* WHAT YOU WILL DO *
Using the listing below, print exactly everything from the line with "Kucing British Shorthair" down to the line with "Photos from the", both included, and nothing more.

─── GIVEN ENTRIES

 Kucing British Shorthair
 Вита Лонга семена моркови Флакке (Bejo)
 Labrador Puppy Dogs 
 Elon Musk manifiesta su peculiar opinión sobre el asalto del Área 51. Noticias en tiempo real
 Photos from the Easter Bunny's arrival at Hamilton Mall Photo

──────
─── GIVEN ENTRIES

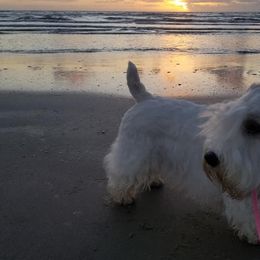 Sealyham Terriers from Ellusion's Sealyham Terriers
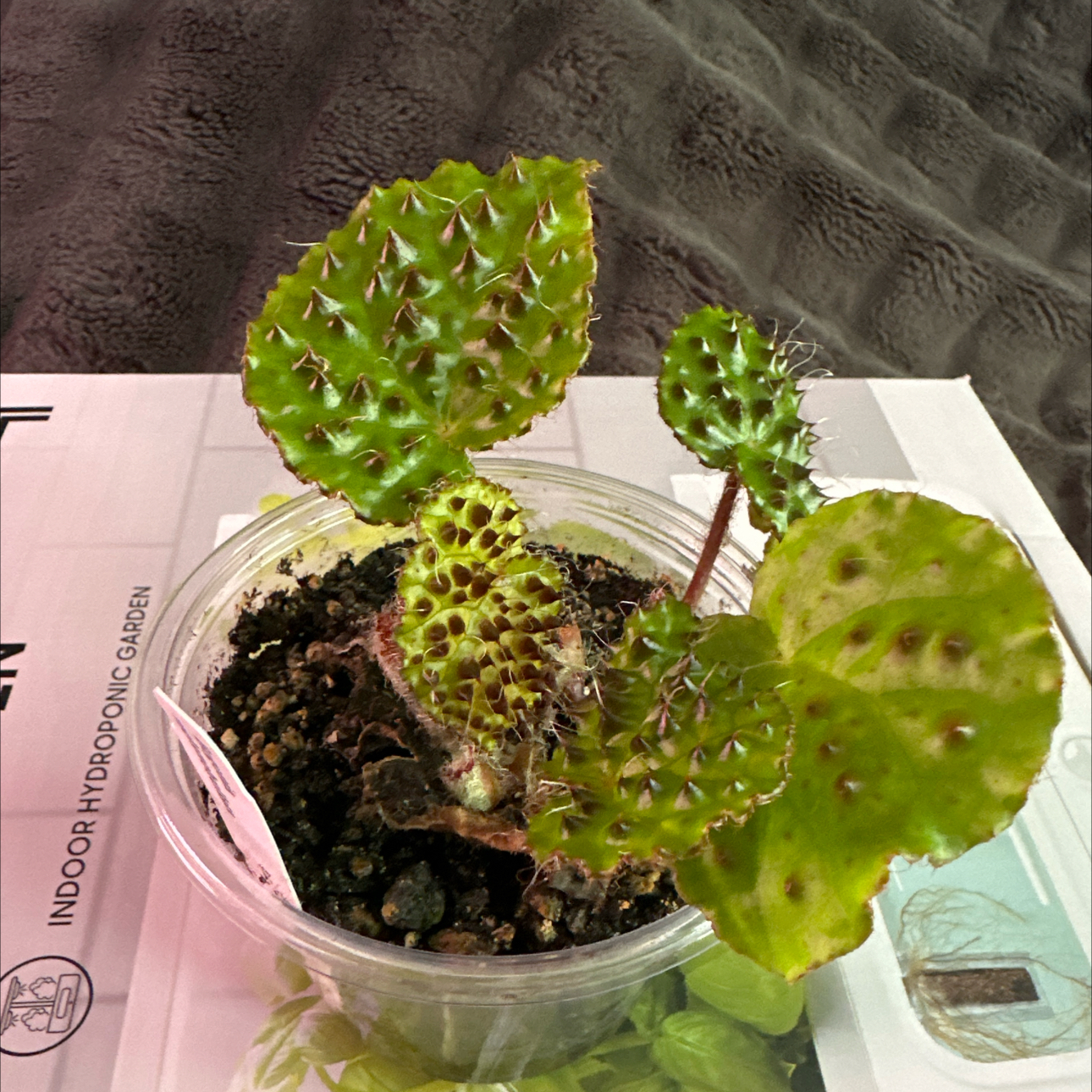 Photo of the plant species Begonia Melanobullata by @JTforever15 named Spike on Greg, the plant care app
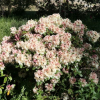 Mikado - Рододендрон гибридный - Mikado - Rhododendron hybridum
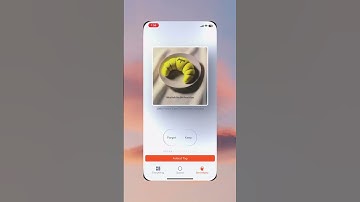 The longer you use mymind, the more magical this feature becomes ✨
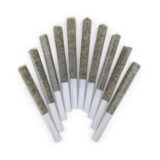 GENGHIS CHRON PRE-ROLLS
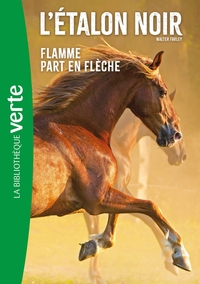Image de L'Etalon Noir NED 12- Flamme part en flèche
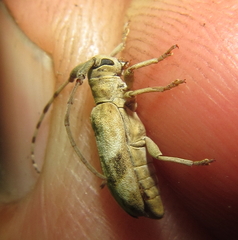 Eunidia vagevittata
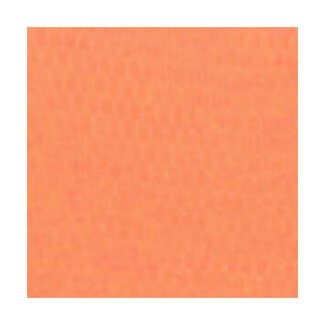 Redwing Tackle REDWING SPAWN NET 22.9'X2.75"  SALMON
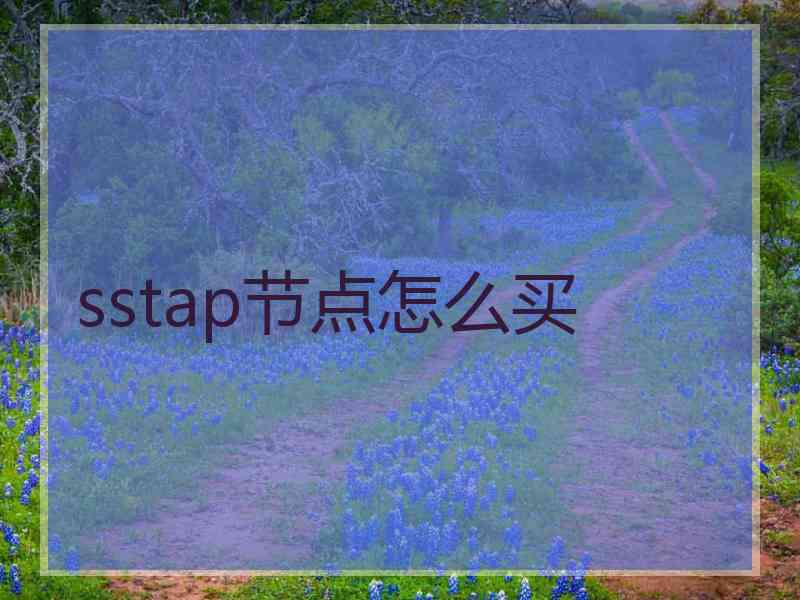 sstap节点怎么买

──────
─── GIVEN ENTRIES

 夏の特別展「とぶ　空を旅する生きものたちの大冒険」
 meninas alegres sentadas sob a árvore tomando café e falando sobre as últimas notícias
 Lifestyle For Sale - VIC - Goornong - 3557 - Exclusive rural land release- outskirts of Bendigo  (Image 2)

──────

* COMPLETED TASK *
 Kucing British Shorthair
 Вита Лонга семена моркови Флакке (Bejo)
 Labrador Puppy Dogs 
 Elon Musk manifiesta su peculiar opinión sobre el asalto del Área 51. Noticias en tiempo real
 Photos from the Easter Bunny's arrival at Hamilton Mall Photo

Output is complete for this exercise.